Former Chief Inspector of Prisons, Lord Ramsbotham (Crossbench), suggested an amendment that would require parliamentary approval before any reforms to the structure or provision of probation services take place. Members voted 243 in favour and 263 against the proposal, so the change was not made.
The Offender Rehabilitation Bill has now completed its passage through Parliament. It received royal assent and become law on Thursday 20 March.
Lords third reading: Tuesday 9 July 2013
Members began by discussing an amendment to ensure the needs of female offenders were recognised within the bill.
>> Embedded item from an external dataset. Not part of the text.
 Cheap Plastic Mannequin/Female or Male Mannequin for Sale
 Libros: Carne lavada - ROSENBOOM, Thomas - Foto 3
The government spokesperson confirmed this commitment would apply to both private providers as well as the public sector probation service. The amendment was agreed without a vote.
Peers then focused on proposals for a pilot scheme of veterans' courts for ex-service personnel, following the precedent set in the United States. A further amendment, suggested by Lord Beecham (Labour), called for the pilot and, if successful, the creation of a permanent scheme. The amendment went to a vote, which resulted in a government win with 186 for and 205 against, so the change was not made.
Lords report stage: Tuesday 25 June
Members discussed an amendment, suggested by Lord Ramsbotham (Crossbench), calling for parliamentary approval ahead of any probation service reforms. The proposal went to a vote, resulting in a government defeat with 215 for and 186 against.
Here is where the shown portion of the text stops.